Reputation: 891
I got this code for counting the number of words from an html editor.
(providing htmlData has already been set)
var rawWords = htmlData.replace(/<(?:.|\s)*?>/g, '')
.replace(/(\r\n|\n|\r)/gm,' ');
var filteredWords = rawWords.replace(/\[([^\]]+)\]/g,'')
.replace(/\s+/g, " ")
.replace(/^\s+|\s+$/g, "");
From what I understand, the first line removes the html and then removes any returns.

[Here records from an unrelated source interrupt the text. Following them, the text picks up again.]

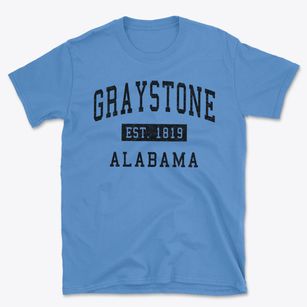 Graystone Alabama Classic Established Basic T-Shirt
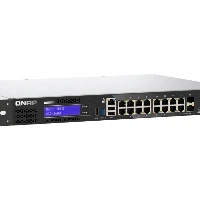 QNAP QGD-1600, Managed, Gigabit Ethernet (10/100/1000), Full duplex, Rack mounting, 1U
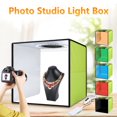 thumbnail image 1 of EIMELI Portable Foldable Photo Studio with Led Light 12 Inches X 12 Inches for Professional Dimmable Shooting, 1 of 10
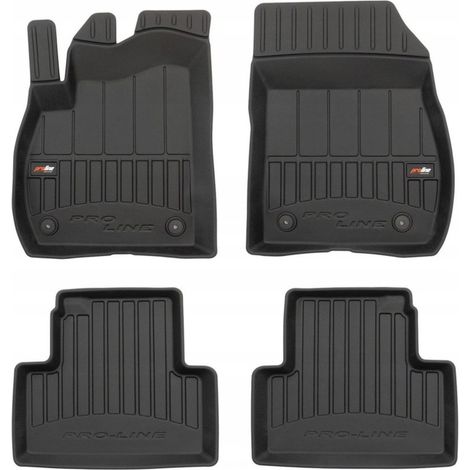 Alfombrillas y limpiaparabrisas de goma para Opel Zafira C 2012-2019, canales 3D (1/5)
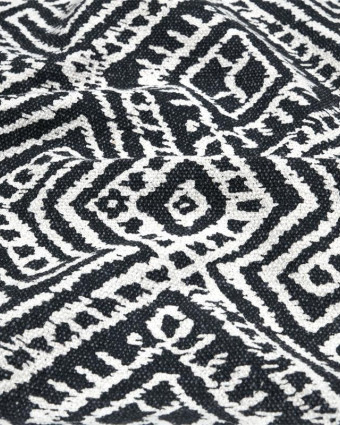 Toile Monaco Motif Géométrique Anthracite - Mercerine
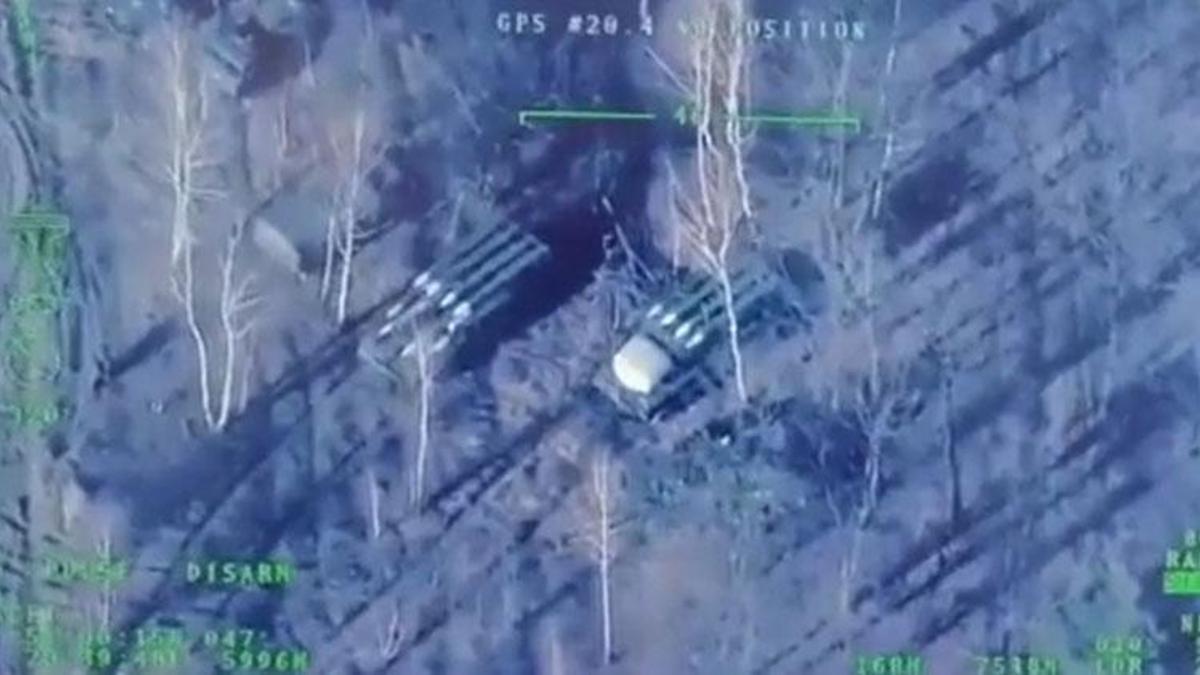 Ukrayna Hava Kuvvetleri Rus hedeflerini vurmaya devam ediyor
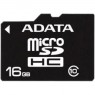 Карта памяти A-Data 16Gb microSDHC Class 10 (adapter SD) (AUSDH16GCL10-RA1)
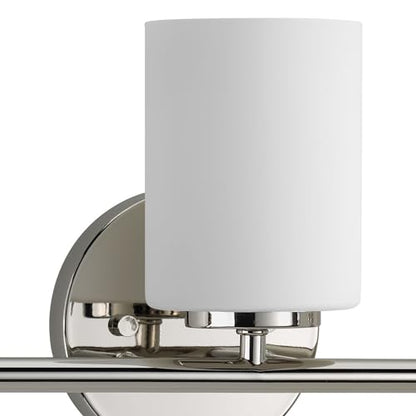 Progress Lighting 3-Light Etched Glass Modern Bath Vanity Light, Replay Collection , Indoor, P2159-104, Polished Nickel - color: Polished Nickel, size: 3-Light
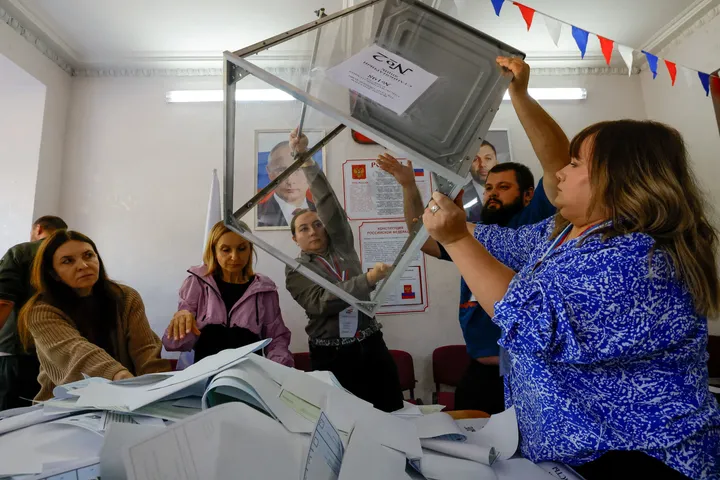 Russia reports mass attacks on election systems amid Duma voting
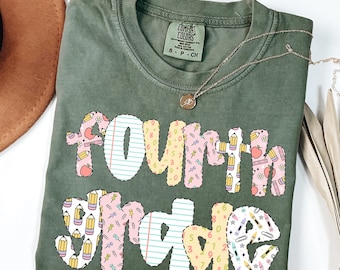 Fourth Grade Teacher Shirt, Comfort Color Teacher Shirt, 4th Grade Teacher Shirt, Fourth Grade Shirts, Teacher Appreciation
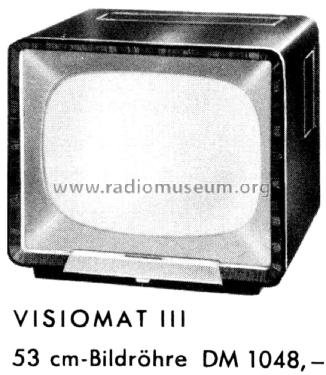 Visiomat III ; Telefunken (ID = 2918252) Televisore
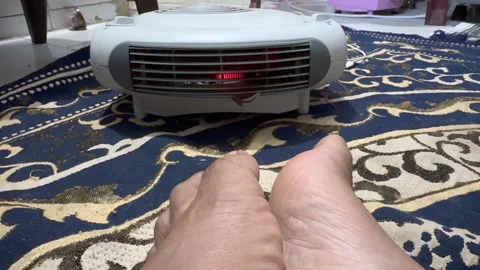 Room heater for winter 스톡 동영상 323101620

The next line removes anything in brackets (this is to add notes without affecting the word count) and then removes extra spaces
But if I type this:
Apple
Charlie
Tom
It gives me a word count of 6, not 3. Any idea why? I'm not good at regex!!!!
thanks so much
Upvotes: 0
Views: 3051
Reputation: 5404
Replacing space with "" doesn't worj this way. try:
.replace(/[ ]{2,}/gi," "); /*{2,}=repeated*/
.replace(/(^\s*)|(\s*$)/gi,"");
instead of:
.replace(/\s+/g, " ")
.replace(/^\s+|\s+$/g, "");
and it should work fine.
Upvotes: 0
Reputation: 2571
Try this, it's simple, just splits the whitespace/numbers, and counts the array.
window.onload = function() {
// get string as text
var text = document.body.innerText;
// replace all non letters (so we don't count 1 as a word)
text = text.replace(/[^a-zA-Z\s]/g, '');
// split on whitespace
var words = text.split(/[\s]+/);
// output -- 52
console.log('numwords', words, words.length); // numwords 52
}
full example below:
<html>
<head>
<script type="text/javascript">// script</script>
</head>
<body>
a b c d e f g
1 1 1 1 1 1 1
the quick brown fox jumped over the lazy dog.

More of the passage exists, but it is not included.